This ancient capital of Polish kings, forgotten by mainstream tourists during its nearly half-century of occupation and communism, is undergoing a rebirth that could make it the next jewel of Europe to be found by American travelers.
From the historic treasures of Wawel Cathedral and the Renaissance corridors of the former Royal Castle, to Europe’s largest market square at the heart of a bustling Old Town, Krakow offers the glories of a great central European city without the crowds of better-known destinations.

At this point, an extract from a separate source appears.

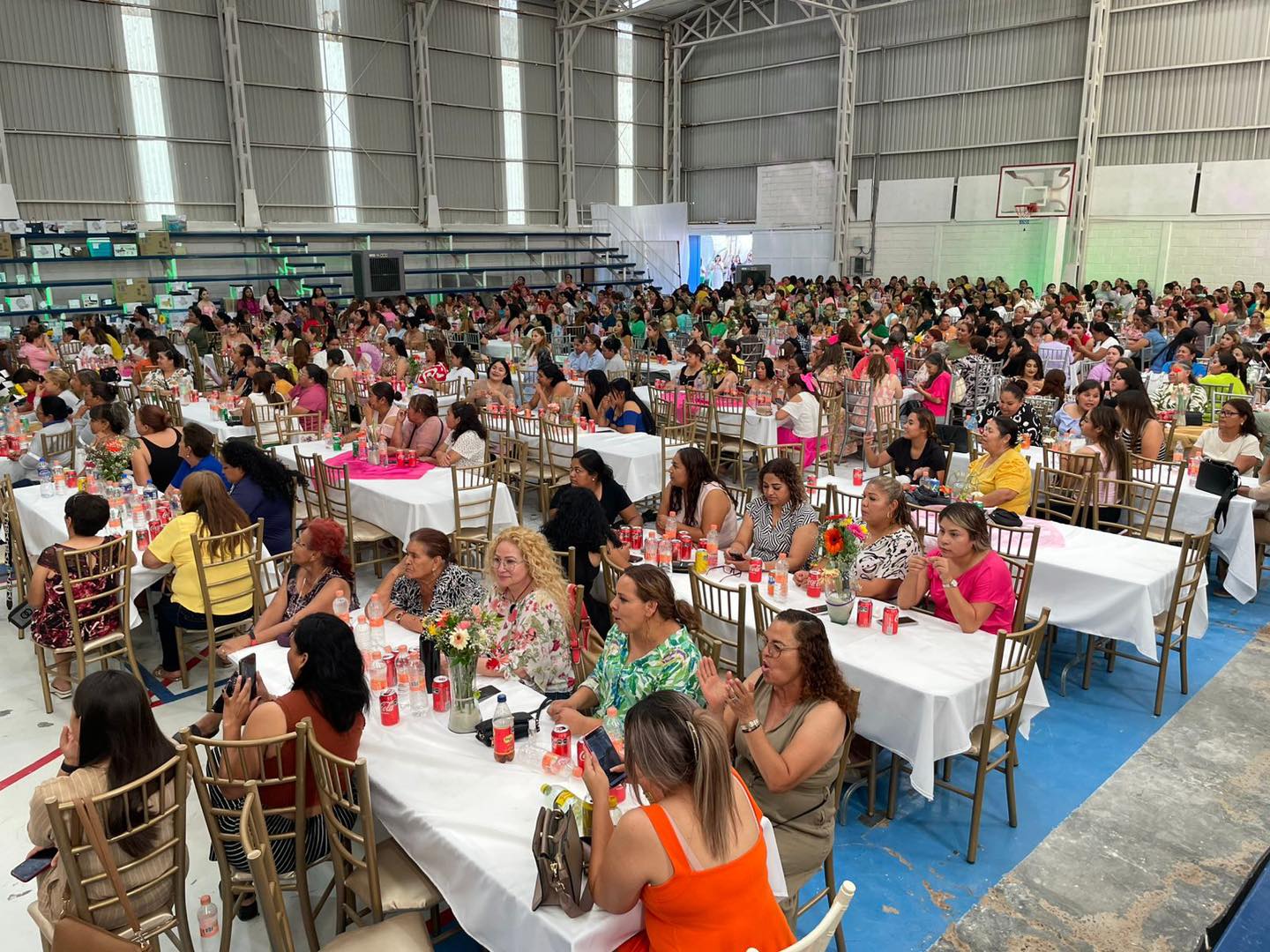Festejan a mamás de Laguna del Rey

Krakow is not the only drawing point in this country of almost 40 million people. Poland is particularly appealing now because, while Western goods and services are becoming available, prices remain downright cheap compared with other major European cities.
Warsaw, rebuilt after World War II, has embraced capitalism and is quickly becoming a major business center. A reconstructed Old Town, the castles of Poland’s last kings and peaceful parks offer a respite from the buzz of commerce.

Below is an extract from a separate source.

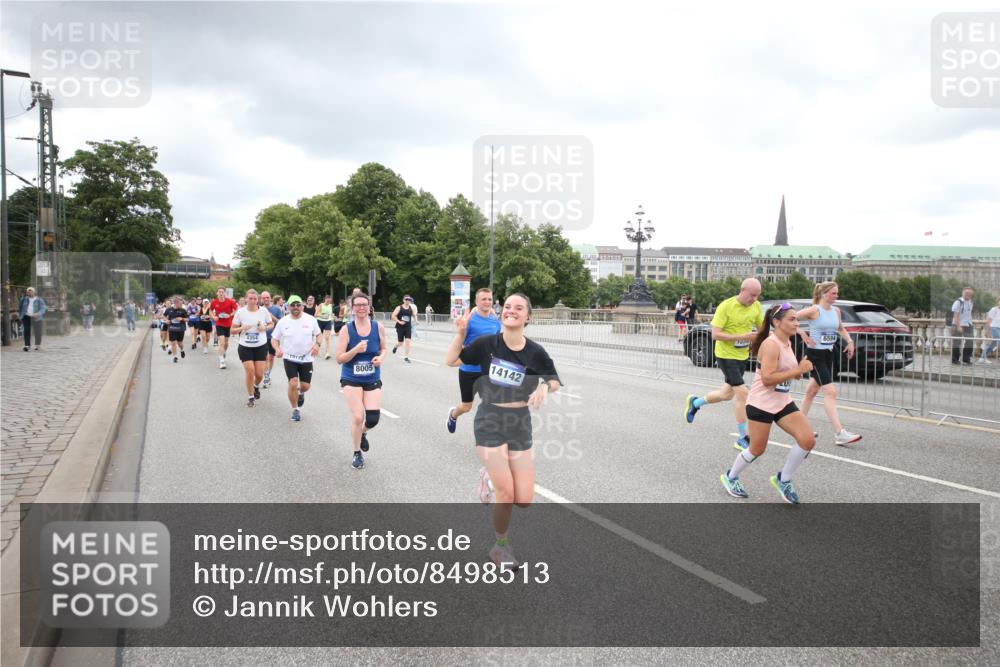 29.06.2025 - hella hamburg halbmarathon Jannik Wohlers http://msf.ph/oto/8498513 29.06.2025 10:55:46 Lombardsbrücke 1738, 1909, 2095, 2793, 3257, 3268, 4083, 4354, 4473, 4836, 5306, 5580, 5757, 5994, 6494, 6968, 7025, 7028, 7616, 8005, 8305, 8517, 9435, 9606, 9838, 9948, 9953, 10640, 10740, 10784, 10987, 11298, 11862, 11863, 12267, 12295, 12296, 12551, 13055, 13395, 13405, 13627, 13965, 14142, 14221, 14280, 14281, 15103, 15173, 15199, 15272, 15443, 15696, 15699, 16413, 16655, 16960, 17084, 17398, 17649, 17673, 18329, 18349, 19228 meine-sportfotos.de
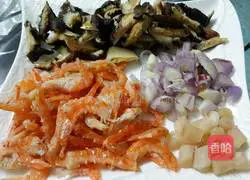 Illustration of how to make fried glutinous rice with preserved meat 4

Poznan, at the center of Poland’s historic heartland, combines business and history as host of the region’s largest trade fair at the same time as a medieval festival in its old market square. Close to the villages in western Poland, Poznan is using its historic ties to neighboring Germany to become a leading banking center.

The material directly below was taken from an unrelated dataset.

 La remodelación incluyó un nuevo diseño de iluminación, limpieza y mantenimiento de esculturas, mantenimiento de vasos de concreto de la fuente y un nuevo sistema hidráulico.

For travelers looking to get away from crowded cities, Poland offers the Tatra Mountains along the border with Slovakia that make up in beauty what they lack in altitude. The mountains are more popular with Poles than with visitors and are accessible even to novice hikers.
Krakow
Krakow is Poland’s cultural center and historic heart. LOT Polish Airlines flies here from Warsaw and a few Western cities such as Frankfurt, but it’s best to fly into Warsaw and take the comfortable Intercity train to Krakow-about $10 for the 2-hour non-stop trip.
In June, the city stages its annual Days of Krakow, with 30 days of music, dance, art and film capped by the feast of St. John, which features fireworks, music, and folk theater along the Vistula River.
For the cost-conscious traveler, several decent hotels are a short walk from the station inside the old city. If price is no object, the newly redone Hotel Grand offers the best location in town, a block from the main square.
If price is the only consideration, a youth hostel is only a 12-cent tram ride away and offers a nightclub downstairs with cheap beer and an international clientele. For a different experience, take bus 100 to Pod Kopcem, a former Austrian military fortress converted to a hotel.
Once settled in, walk down the medieval streets of the Old Town (Stare Miasto) until you reach Main Market Square (Rynek Glowny), the largest open square on the continent.
Market Square is dominated by the old Cloth Hall (Sukiennice) at its center, once home to the textile guild. Today it has souvenir booths aimed at tourists.
While you could spend a lot more time to save a little money, the prices are fair and the goods authentic. Among the best souvenirs are carved wooden boxes and chess sets, amber jewelry, original ink drawings, and religious items.
Dominating the northeast corner of Market Square is the 13th Century St. Mary’s Church, with its intricately carved altarpiece opened at noon daily.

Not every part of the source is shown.